Serwitz adds that the Opera Plaza Cinema will soon undergo a “significant remodel,” but likely won’t reopen until after that occurs.
Bay Area moviegoers are among the nation’s top audiences for independent film, and the Roxie in the Mission is a primary indie venue. While it has offered virtual screenings during the pandemic (a program to continue for viewers unready to return to theaters), staff and friends are enthusiastic about the community-focused cinema’s reopening on May 21.
“It was beyond exhilarating putting tickets on sale for our first public screenings in well over a year,” says Roxie executive director Lex Sloan. “As people purchased tickets online, I was overwhelmed with feelings of hope — not only hope for the Roxie but all of the wonderful independent cinemas in the Bay Area and for the filmmakers whose work we cannot wait to show.”
The Roxie’s opening-night movie is being selected by a viewer poll, which has yielded more than 2,000 nominees.
“As a mission-driven community-based organization, it only feels right that our patrons pick our first film back,” Sloan says.
The finalists: “Cinema Paradiso,” “The Last Black Man in San Francisco,” “Mulholland Drive” and “Vertigo.” Close behind were “Harold and Maude,” “Mad Max: Fury Road,” and “Koyaanisqatsi.”
Sloan adds that Instagram write-in votes for local films, like “Vampariah” and “Colma: The Musical,” “surprised us.”
Additionally, the Roxie will host live performances and artist Q&As.
Cinema SF’s Balboa Theatre, which has been hosting fun outdoor activities during the pandemic, will reopen May 14 with a weekend-long “Godzilla’s Monster Bash.” Organizers promise “10 classic Godzilla flicks, including a 60th-anniversary showing of ‘Mothra,’ as well as vendors, artists, raffle prizes, and more.”

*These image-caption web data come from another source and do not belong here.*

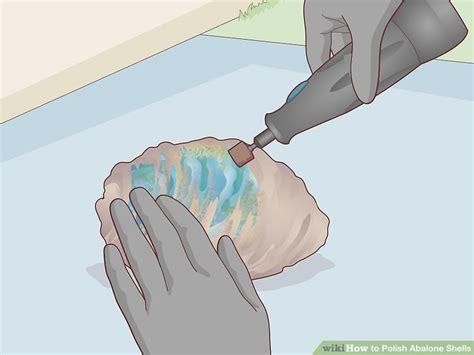 How to Polish Shells 的图像结果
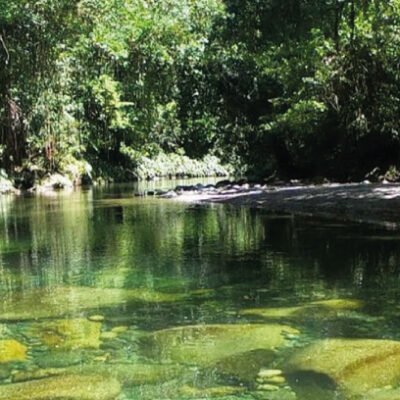Cocorná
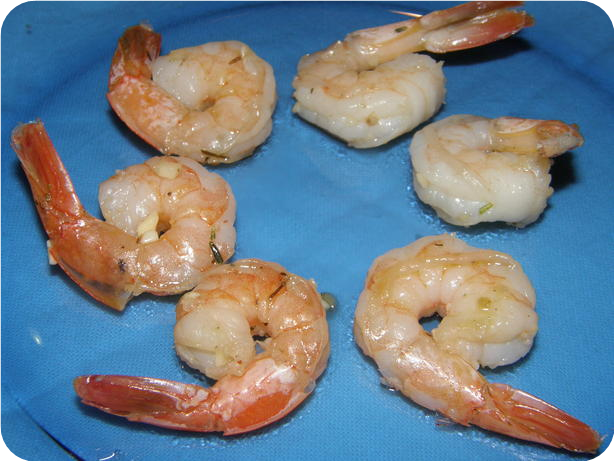 Shrimp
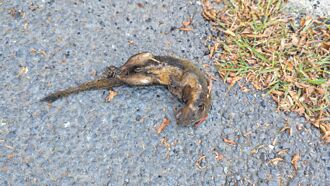 動物惹禍？高雄、台南、台東停電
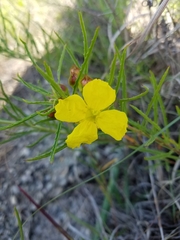 Calylophus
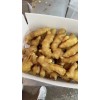 優質生姜購銷18660989133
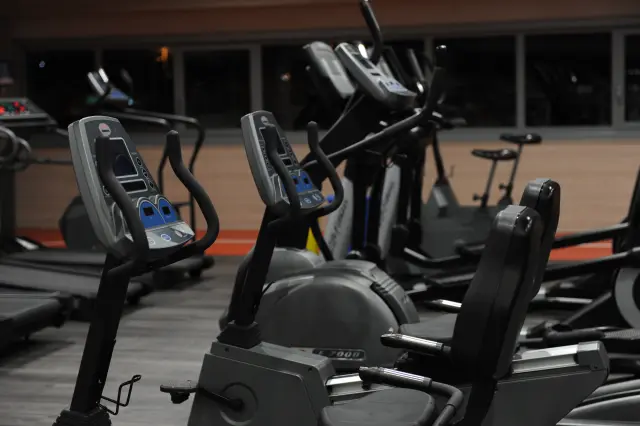 Palestra Academy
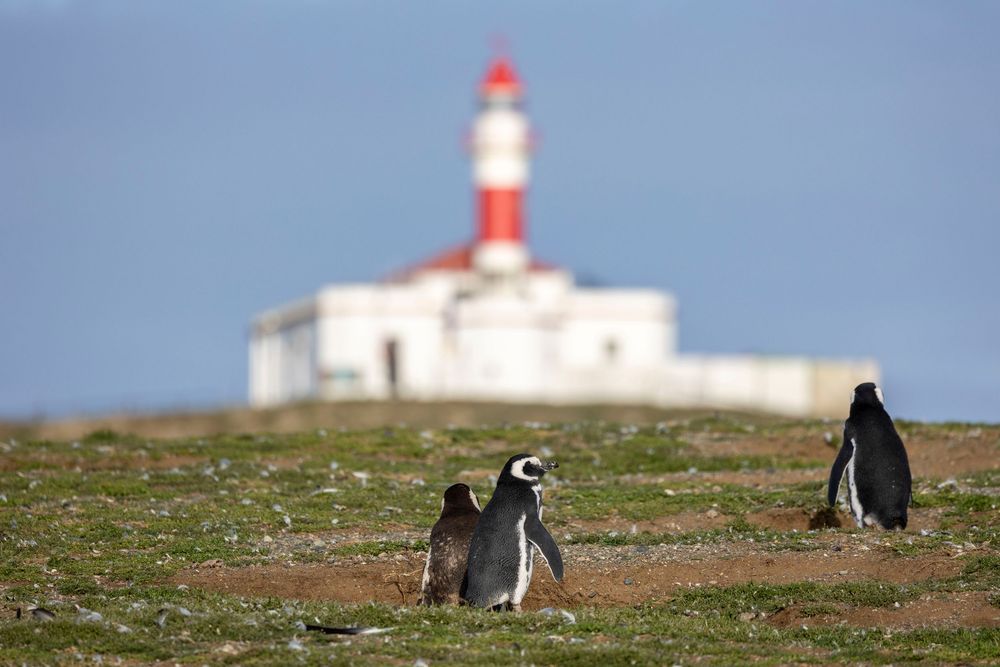 Encantadores pingüinos se reúnen cerca de un histórico faro costero bajo un cielo azul claro, capturando un momento sereno de la vida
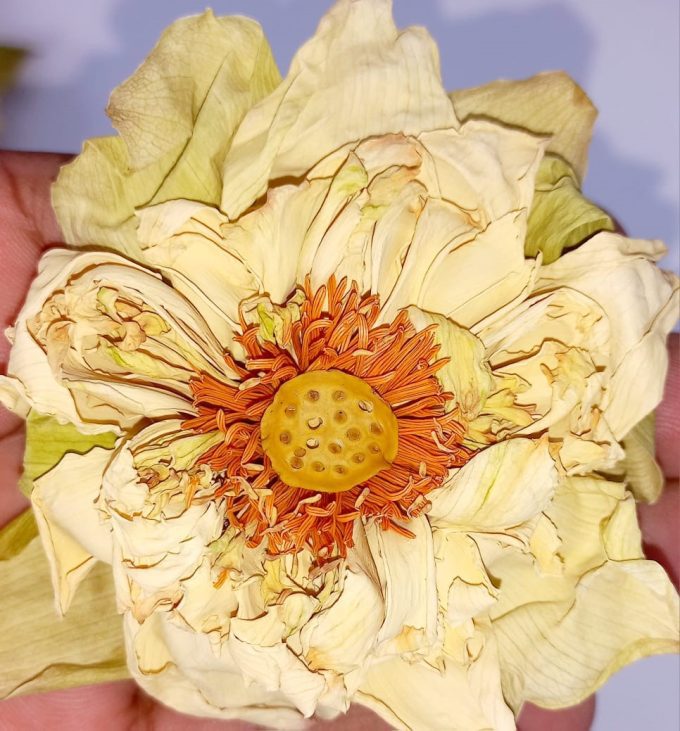 White Lotus Flowers (50g)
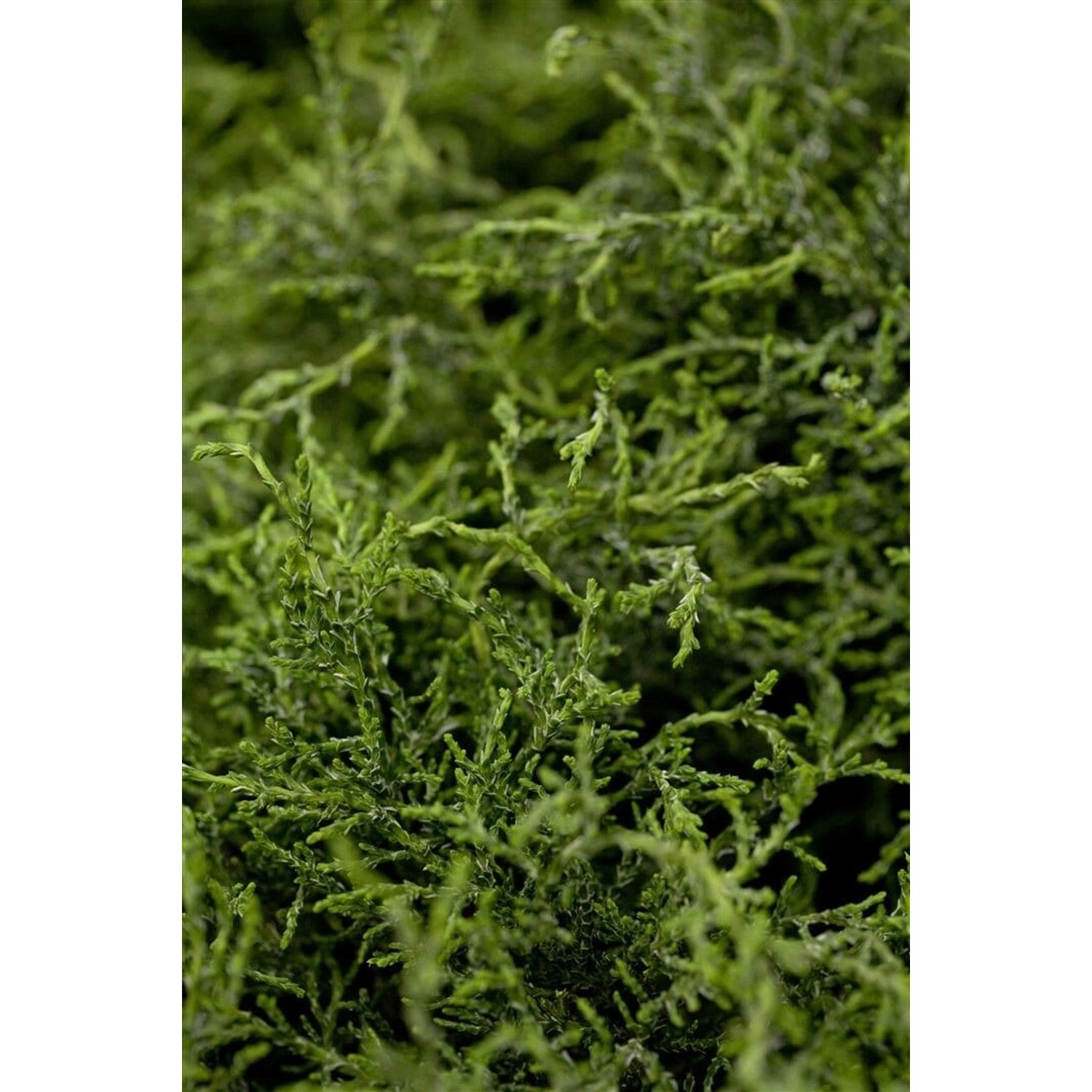 Chamaecyparis lawsoniana 'Lycopodioides' 25-30 cm günstig online kaufen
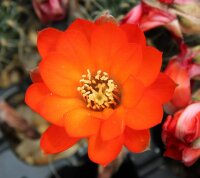Rebutia steinmannii v. potosina EH 10059
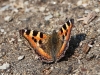 CH8A 1151.jpg Papillon Aglais cashmirensis à Barchipaam Middle School
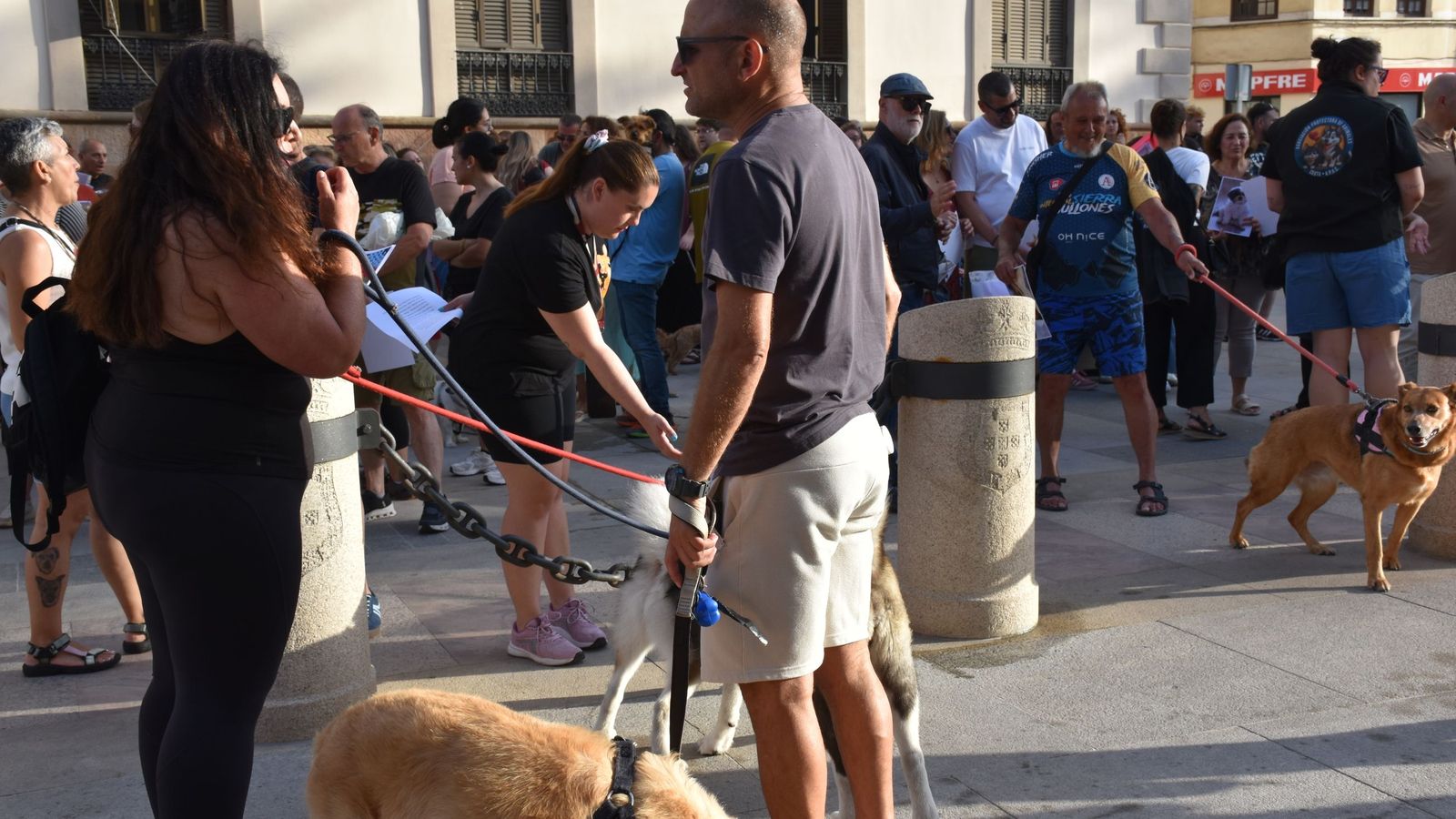 Concentración celebrada a las puertas del Palacio Autonómico por los derechos de los animales en Ceuta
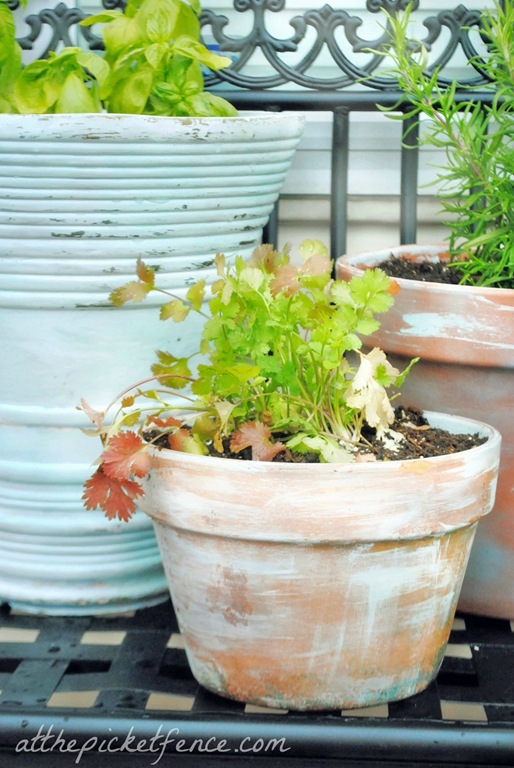 [aging-terra-cotta-pots-56.jpg]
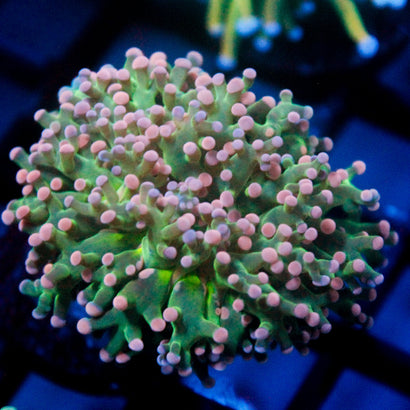 JC Cotton Candy Octo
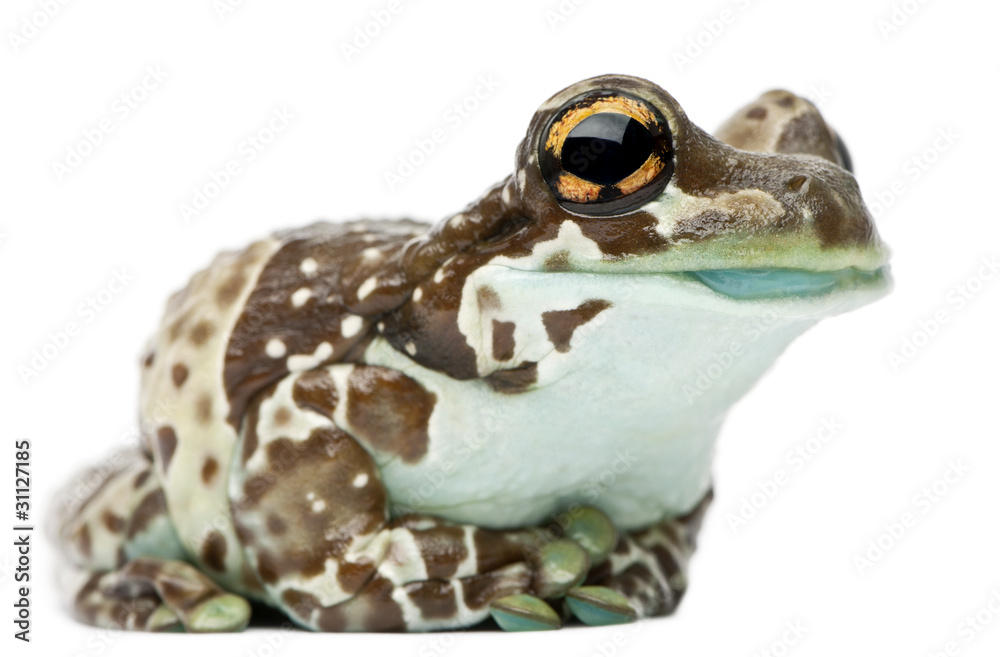 Obraz premium Amazon Milk Frog, Trachycephalus resinifictrix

Frank Lee, of the family-owned Lee Neighborhood Theatres, says the Presidio will reopen on May 21; the Marina Theatre follows on May 28; and the 4 Star’s reopening date is to be determined.
“The encouragement from our members, patrons, and community partners is why I have tremendous hope that people will return to the cinema,” says Sloan. “Now, much like the fresh batches of popcorn we will be popping, I can finally taste it.”